BEGIN ENTRIES SHOWN

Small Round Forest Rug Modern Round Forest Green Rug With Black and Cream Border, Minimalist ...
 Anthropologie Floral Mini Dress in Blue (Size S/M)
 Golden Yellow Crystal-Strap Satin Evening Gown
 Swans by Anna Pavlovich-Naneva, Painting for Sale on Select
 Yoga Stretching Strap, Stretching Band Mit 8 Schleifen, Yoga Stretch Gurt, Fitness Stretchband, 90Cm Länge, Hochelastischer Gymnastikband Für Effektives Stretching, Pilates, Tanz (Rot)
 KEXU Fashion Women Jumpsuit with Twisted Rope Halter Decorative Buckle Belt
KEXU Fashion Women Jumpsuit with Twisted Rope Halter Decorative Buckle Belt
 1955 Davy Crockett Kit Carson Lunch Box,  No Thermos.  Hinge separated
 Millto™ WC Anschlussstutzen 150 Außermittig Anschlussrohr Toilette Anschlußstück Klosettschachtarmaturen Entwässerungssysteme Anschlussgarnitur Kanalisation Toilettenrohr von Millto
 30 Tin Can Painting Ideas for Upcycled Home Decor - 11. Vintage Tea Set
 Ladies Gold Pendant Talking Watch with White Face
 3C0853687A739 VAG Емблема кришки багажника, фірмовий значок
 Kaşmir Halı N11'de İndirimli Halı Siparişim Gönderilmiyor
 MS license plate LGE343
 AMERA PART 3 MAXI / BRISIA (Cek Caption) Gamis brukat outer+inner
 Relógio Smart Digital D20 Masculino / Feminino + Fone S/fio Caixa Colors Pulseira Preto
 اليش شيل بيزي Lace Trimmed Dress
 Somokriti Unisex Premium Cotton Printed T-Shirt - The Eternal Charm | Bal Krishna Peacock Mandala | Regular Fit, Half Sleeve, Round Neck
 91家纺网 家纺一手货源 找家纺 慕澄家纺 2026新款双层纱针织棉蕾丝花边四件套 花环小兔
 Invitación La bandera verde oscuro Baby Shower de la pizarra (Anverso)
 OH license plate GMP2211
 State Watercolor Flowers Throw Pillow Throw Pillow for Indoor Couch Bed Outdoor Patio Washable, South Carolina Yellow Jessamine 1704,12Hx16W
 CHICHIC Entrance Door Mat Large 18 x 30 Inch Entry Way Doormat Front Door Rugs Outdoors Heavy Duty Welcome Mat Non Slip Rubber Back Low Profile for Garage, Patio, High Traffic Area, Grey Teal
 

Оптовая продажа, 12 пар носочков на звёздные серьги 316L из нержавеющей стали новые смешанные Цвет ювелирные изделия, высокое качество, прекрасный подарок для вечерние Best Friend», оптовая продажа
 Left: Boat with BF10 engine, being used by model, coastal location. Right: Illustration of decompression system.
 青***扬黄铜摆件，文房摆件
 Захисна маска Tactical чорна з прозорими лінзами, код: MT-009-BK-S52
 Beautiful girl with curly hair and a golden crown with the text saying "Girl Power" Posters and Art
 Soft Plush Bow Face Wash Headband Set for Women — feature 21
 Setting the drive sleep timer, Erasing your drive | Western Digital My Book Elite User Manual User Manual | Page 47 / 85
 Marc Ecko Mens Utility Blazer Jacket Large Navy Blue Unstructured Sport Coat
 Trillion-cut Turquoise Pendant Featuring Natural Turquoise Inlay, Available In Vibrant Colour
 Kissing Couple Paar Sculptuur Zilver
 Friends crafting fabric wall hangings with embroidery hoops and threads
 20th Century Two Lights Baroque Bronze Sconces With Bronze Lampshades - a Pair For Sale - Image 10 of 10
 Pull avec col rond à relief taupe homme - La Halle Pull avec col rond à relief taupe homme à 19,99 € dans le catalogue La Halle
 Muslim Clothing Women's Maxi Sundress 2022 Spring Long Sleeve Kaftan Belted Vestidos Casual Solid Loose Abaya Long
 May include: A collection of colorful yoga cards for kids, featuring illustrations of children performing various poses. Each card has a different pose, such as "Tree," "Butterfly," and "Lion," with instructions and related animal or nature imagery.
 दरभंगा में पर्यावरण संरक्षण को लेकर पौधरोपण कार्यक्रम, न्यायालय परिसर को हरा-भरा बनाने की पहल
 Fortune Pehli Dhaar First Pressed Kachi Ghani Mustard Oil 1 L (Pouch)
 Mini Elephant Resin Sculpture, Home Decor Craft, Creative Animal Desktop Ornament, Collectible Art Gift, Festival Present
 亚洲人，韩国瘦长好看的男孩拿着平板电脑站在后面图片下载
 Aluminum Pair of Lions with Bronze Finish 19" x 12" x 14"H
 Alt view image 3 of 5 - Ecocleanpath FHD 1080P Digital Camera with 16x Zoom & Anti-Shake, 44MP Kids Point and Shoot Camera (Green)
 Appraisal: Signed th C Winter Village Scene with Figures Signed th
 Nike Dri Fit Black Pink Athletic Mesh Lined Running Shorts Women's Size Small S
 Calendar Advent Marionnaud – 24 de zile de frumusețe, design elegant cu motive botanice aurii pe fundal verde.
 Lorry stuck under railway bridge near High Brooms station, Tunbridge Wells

END ENTRIES SHOWN

• **TASK REQUIREMENTS**
Each line in the data where the string "Yellow" occurs should be identified and copied.

• **FINAL ANSWER**
 Golden Yellow Crystal-Strap Satin Evening Gown
 State Watercolor Flowers Throw Pillow Throw Pillow for Indoor Couch Bed Outdoor Patio Washable, South Carolina Yellow Jessamine 1704,12Hx16W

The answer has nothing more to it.